Writing to Self
I vividly remember the first diary I ever read many years ago. Anne Frank and her teenage world of secret hiding. The Diary of a Young Girl. She addressed her diary as “Kitty” like a friend. Her relationship with her diary comforts her all along during her insecure, lonesome and terrified time in hiding. She speaks to “Kitty”, expresses herself, pouring in whatever she had within.
Her last entry in the diary reads—“ I get cross, then sad, and finally end up turning my heart inside out, the bad part on the outside and the good part on the inside, and keep trying to find a way to become what I’d like to be and what I could be if ..... if only there were no other people in the world”.
Just three days later after writing this passage, Nazis arrested Anne and her family, and deported them to unknown concentration camps.
The last entry in “Kitty” unravels Anne’s tussle with her identity and her evolving sense of self, grappling hard to figure out her role within the hiding, and positioning herself in the agony prevailing in and out.
It also hints at the harsh realization of vicious people in her world, whom she eventually wishes to shed off forever. She desires for permanent riddance of her ugly past.
Contrarily, Franz Kafka’s Diaries are full of his personal dejection and alienation towards a social system surrounding him. He wrote about his dreams and dilemmas. Feelings and frailties. Secluded, he engrossed himself in writing the diaries that covered the period 1910-1923, and left a rich literature behind that gained him huge acclaim in the literary world. He died at an early age of forty in 1924, after which his diaries were published.
One of the entries in Kafka’s Diaries smacks of his blatantly edgy state of mind—“Incapable of living with people, of speaking. Complete immersion in myself, thinking of myself. Apathetic, witless, fearful. I have nothing to say to anyone—never”. Interestingly, his diaries spoke profusely to the whole world while addressing the concerns that remain at the heart of any ordinary living.

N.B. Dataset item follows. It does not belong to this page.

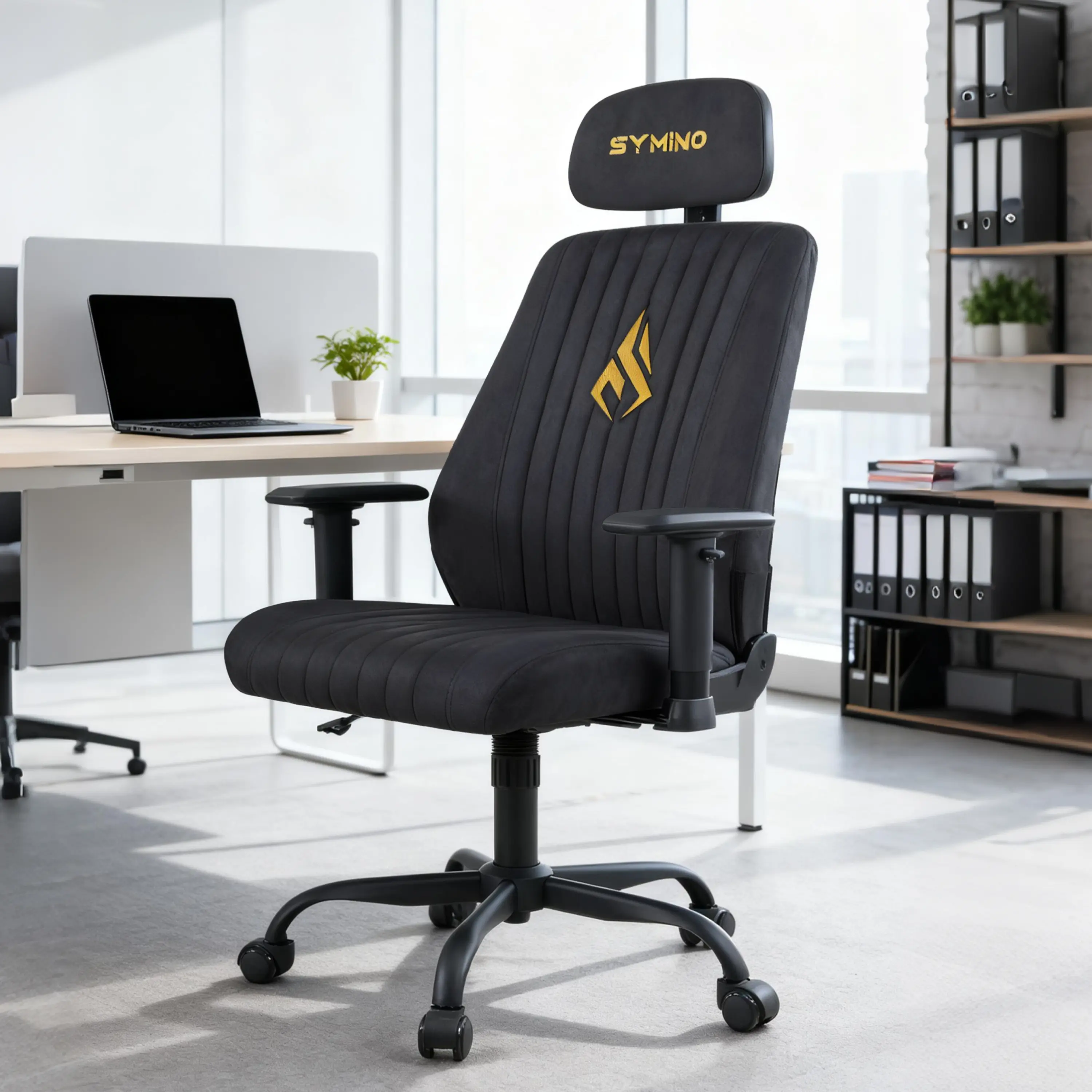 Symino PU Leather Ergonomic Reclining Gaming Chair - Office Chair for Workday WFH Setup, 109° Recline, Adjustable Height Seat, Swivel, Tilt Function, Body Alignment Support, Retractable Arms, Pc Gaming Chair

There are many famous writers and individuals whose diaries (also called ‘journals’ in English parlance) have provided insights into the minds of thinking and troubled minds. And formed the finest literature.
Mark Twain is said to have maintained over 40-50 pocket notebooks (diaries) over four decades of his life. Whenever Twain set on a voyage, he would start writing a new diary, noting his thoughts on varied subjects of observation he used to come across.
Ernest Hemingway is known as the most devoted diarist. He wrote- “I belong to this notebook and this pencil”. He used to frequent the cafes of Paris and jot down his story ideas there.
An essayist genius like Emerson has been an incredibly prolific keeper of diaries. He kept 263 notebooks on a plethora of subjects and for a range of purposes. Four of it were specifically for recording the titles of books he used to read, and about 30 pocket-size diaries had been maintained by him for writing down daily happenings, from weather moods to small interactions.
Briefly, there are inspiring examples of diarists who were continuously in a process of self-analysis while being a participant in an external world of mundane happenings. Intriguingly, there have been instances of prison diaries where the outer world being totally shut, minds but could not be incarcerated in captivity. The awakening to the self and its goings-on, could not stop.
There is a need to sensitize the young generation towards journal writing. It can emerge as a sort of documentation to come out as a substantial record of happenings, voices and perspectives around them.
Reaching out to people, talking to them, accumulating experiences and observations—all this requires lasting motivation and a sense of purpose. It is something very different from effortless social media screaming, shitting and scathing. For it needs profound thought and sensibility.
Of course, all that which people observe, think and write down is not always worth public disclosure! Certain things are fit for personal consumption or drawing room discussions/analyses or cyber-stimulated petite discourses, and they in no way are worth to be branded as ‘works of creativity’.
Creative combat is the challenge for the times to come. Confronting people on an intellectual plane can happen only when we learn and groom the culture of honest observation, and its importance of recording and presenting. Alas! where midget mentions matter and make people insecure and jittery, the claims of ‘creative crusade’ or ‘intellectual exotica’ fall like a slick and swindling story.